狩りと騒動。
次の獲物を探すことになった。
ガレトが活躍の場がなかったとごねたからだ。
りゅういの『暑苦しい』と言わんばかりの視線は綺麗に流している。
夕食時間帯には寮の方に戻りたいんだがな。
「氷姫にこの狩りの成果を捧げるのだー!」
力強く暑苦しく吼えるガレト。
「それは、ありがとう」
朗らかな笑顔で黒狼が礼を述べる。微妙な表情で黒狼を見据えるガレト。
「なぜ、貴様に礼を言われねばならん!!」
また、吼えるガレト。
うん。負け犬の遠吠えそのものだ。
「いやぁ」
黒狼が照れたように頬を掻く。
「俺の恋人に捧げるって言うんだから、お礼ぐらい代わりに言っておこうかと思ってね」
悪気のなさそうなハニカミ表情が今のガレトにはキツそうだ。
ちなみに、黒狼ファンはこの朗らかさと大らかさ時折り見せる真剣な眼差しとこういうハニカミ表情のギャップ萌えがイイらしい。
黒狼は学内で『何があっても守りきってくれそうな恋人』候補上位五位には毎回ランクインしているような男だ。
俺?
俺は助けれるけど見捨てそうなヒトランキング上位百になぜかランクインだ。
校内にはいろいろなファンクラブが存在し、色々な活動組織が存在する。
講義や実務研修バイトだけが活動ではないということだろう。
諜報・情報学科の実習はストーカーもどきだったりするらしいけど。
雑学終了。
狩りの対象は魔獣。
5メートル越えの角猪。
肉が旨く、毛皮も高価。牙もかなり良い値がつく。
ぼろ儲け獲物だ。まぁ状態も重要だが。
「うぉおおお」
怒声と共に襲い掛かるガレト。
哀れ角猪は怒声に硬直し反撃する間もなく沈んだ。
ま、竜人種だしな。
竜の咆哮って麻痺効果や状態異常を引き起こすんだよなー。
一方的に殴り込んでて、まるでイジメだったぜ。
「弱いものイジメ?」
りゅういが呟く。
慌てるガレト。
「ち、違うぞ! コレは狩りだ! 手負いで逃がす方がマズイからな!」
その通りなんだがな。
でも見た印象がな。
「捌かないとなー」
のんびりした口調で黒狼が片手で角猪の頭を持ち上げる。
手にした刃物で的確に切り裂いていく。

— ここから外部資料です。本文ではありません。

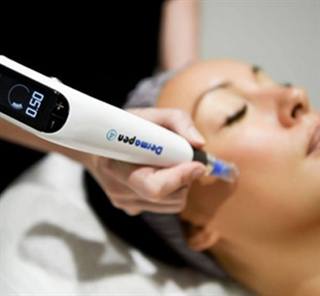 Microneedling with Dermapen 4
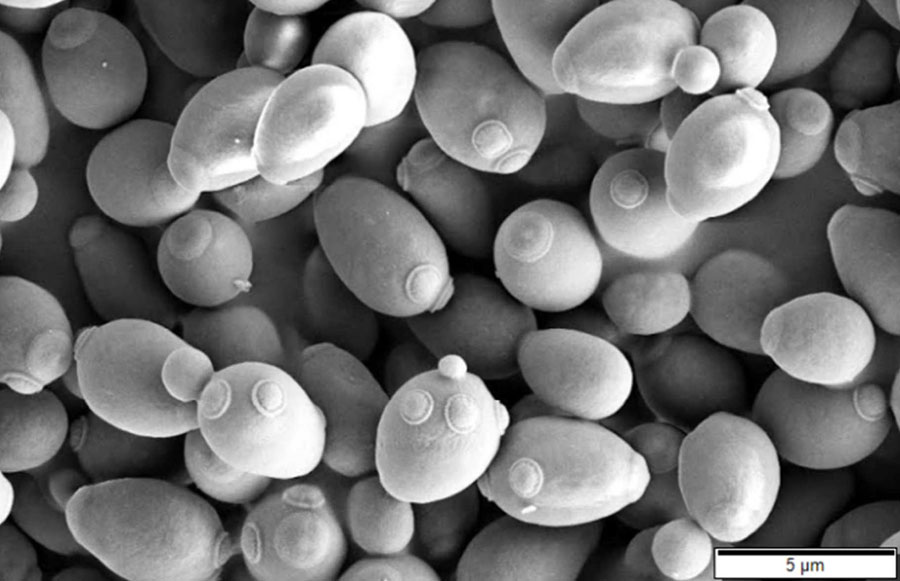 Yeast (Saccharomyces cerevisiae)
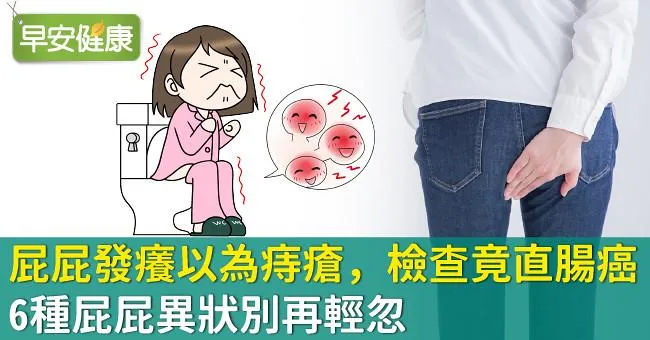 「屁屁發癢」以為痔瘡，檢查竟直腸癌！6種屁屁異狀別再輕忽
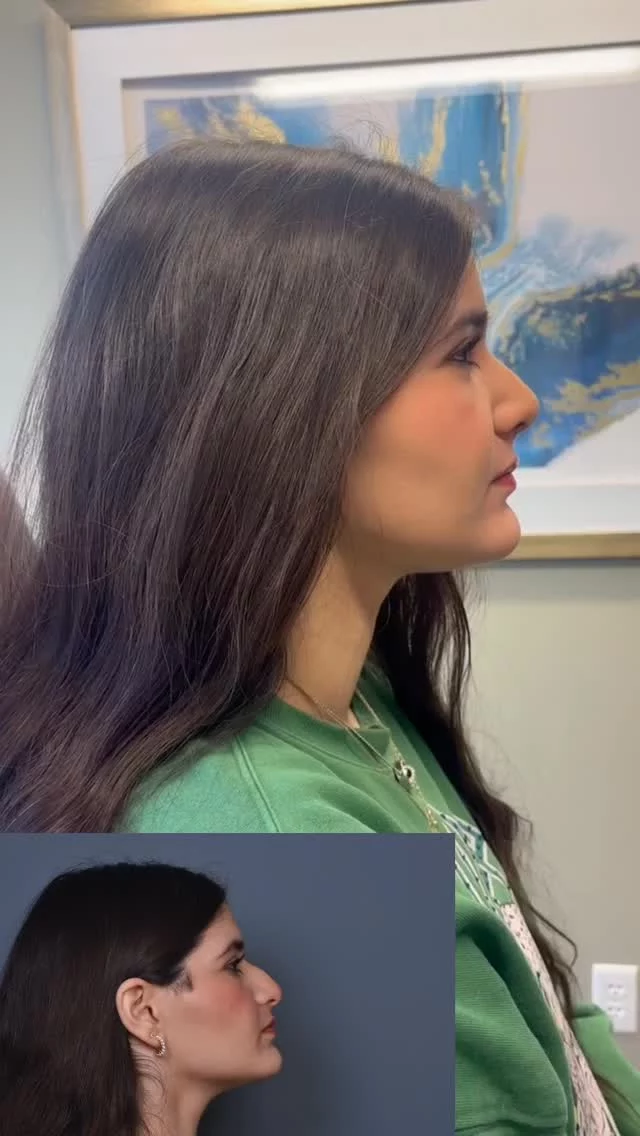 Only 3 weeks post-op and the best is yet to come 🤭 

#rhinoplasty #drvartany #naturalrhinoplasty #naturalrhinoplastyresults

あっという間に血臭が満ちる。
あー。旨そう。
ガレトと視線が合う。
お互いに苦笑。
思うところは一緒だったらしい。
「どっちでもいいから清浄魔法。血臭を飛ばせ」
黒狼の発した平坦な声でりゅういが気分悪げなのに気がついた。
顔色がひどく悪い。
じっと血の流れる角猪を見つめている。
「血生臭いのは、こわいかい?」
脈が踊る。
体は怯えている。
同時に、りゅういはそれを理解していない。
乱れる血流に反してりゅういは首を傾げる。
「確かに、驚いたけど?」
こわくないと言わんばかりの発言。
ガレトが術を使うついでに、こっちを見てくる。
そう、子供がする反応じゃない。
びゅっ
風を切る音。
「黒狼!!」
目の前の光景。
それは黒狼がりゅういに血抜きに使っていた刃物を向け、寸止めしてる光景。
りゅういが動けばあっさりその皮膚から血が吹き出るだろう。
黒狼が俺の怒鳴り声程度で動揺しないのはわかっている。
きょとんと状況がわかっていないかのようなりゅうい。
乱れていた脈動はひたりと落ち着きを取り戻している。
刃を向けられて冷静になる戦士というものもいる。
それとりゅういは違うのがわかる。
りゅういは冷静だ。
死や傷つけられることに冷静に観察している。
「クロードさん?」
不思議そうな声。
逃げも非難も怯えもしない。
ただ不思議そうな声。
「このまま動けば死ぬぞ?」
黒狼が冷たい声で事実を告げる。刃物は動かさない。
「うーん、そうかもー?」
返すりゅういの言葉は軽い。
「俺、死んだほうがいいの?」
言葉が軽い。
青の瞳が黒狼を映す。愉悦さえ含ませて。